Information supplied:
⟨

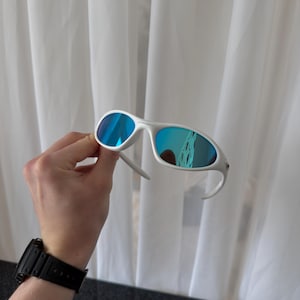Puede incluir: Gafas de sol blancas con lentes azules espejadas. Las gafas tienen una montura y patillas curvas. Las lentes reflejan el entorno. Las gafas se sostienen frente a una cortina blanca.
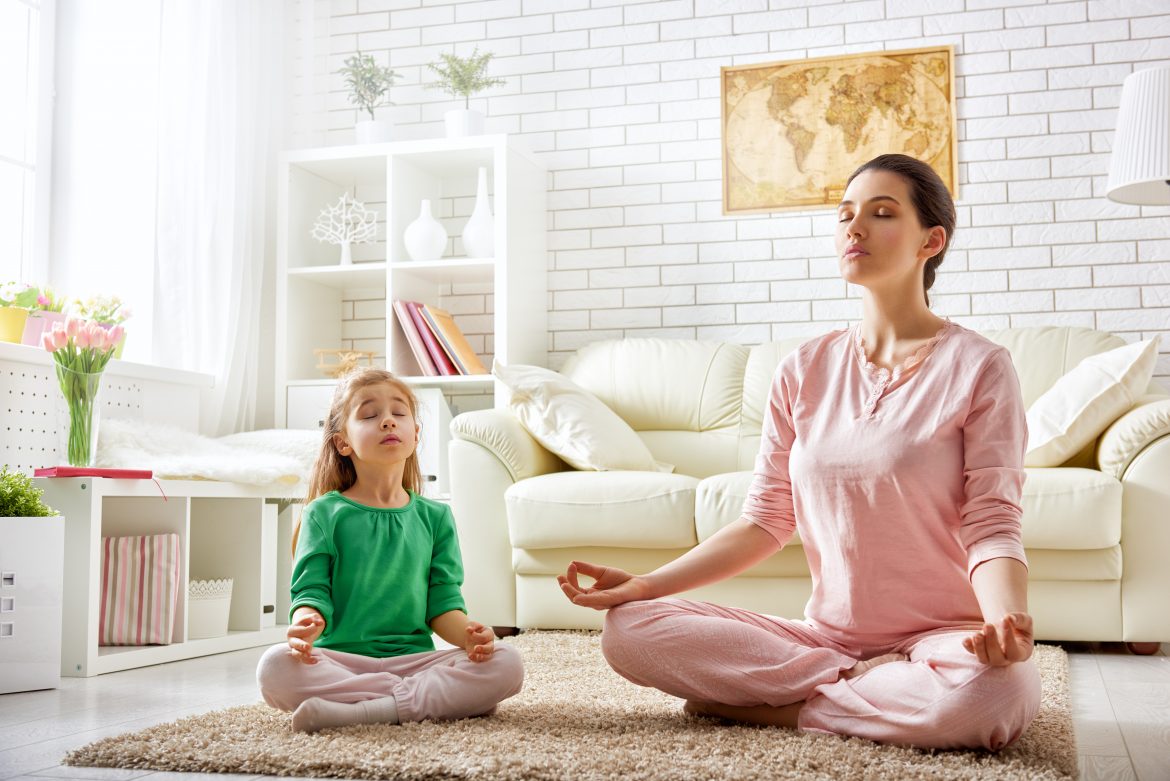 Medytacja dla dzieci - ćwiczenia i zabawy relaksacyjne dla maluchów i starszaków. Mama i córka medytują w domu w salonie.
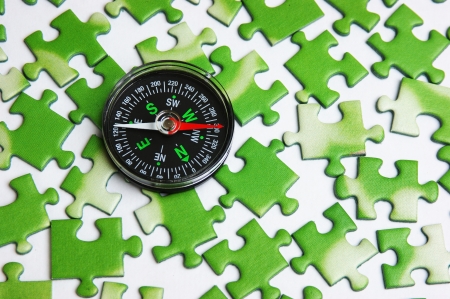 compass on the green puzzleの写真素材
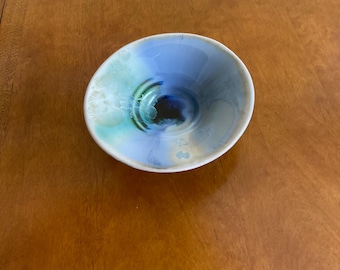May include: A small, white ceramic bowl with a blue, green, and black swirl design. The bowl is glazed and has a glossy finish.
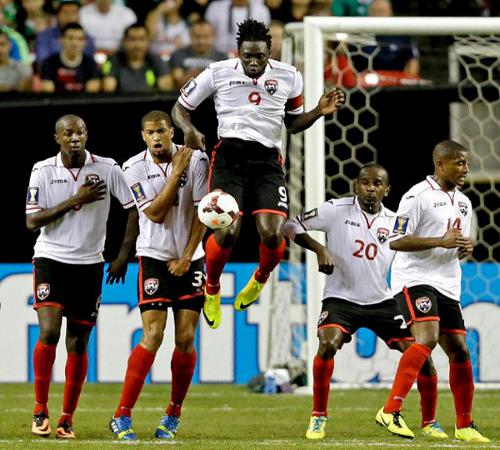 Photo: Trinidad and Tobago players (from left) Daneil Cyrus, Radanfah Abu Bakr, Kenwyne Jones, Seon Power and Andre Boucaud try to keep out a Mexico free kick. (Courtesy YahooSports)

⟩

Exercise: Where the line containing "Medytacja dla dzieci" appears above, start there and set down each line exactly through the last line of the data; leave out every picture.

Solution to the problem:
 Medytacja dla dzieci - ćwiczenia i zabawy relaksacyjne dla maluchów i starszaków. Mama i córka medytują w domu w salonie.
 compass on the green puzzleの写真素材
May include: A small, white ceramic bowl with a blue, green, and black swirl design. The bowl is glazed and has a glossy finish.
 Photo: Trinidad and Tobago players (from left) Daneil Cyrus, Radanfah Abu Bakr, Kenwyne Jones, Seon Power and Andre Boucaud try to keep out a Mexico free kick. (Courtesy YahooSports)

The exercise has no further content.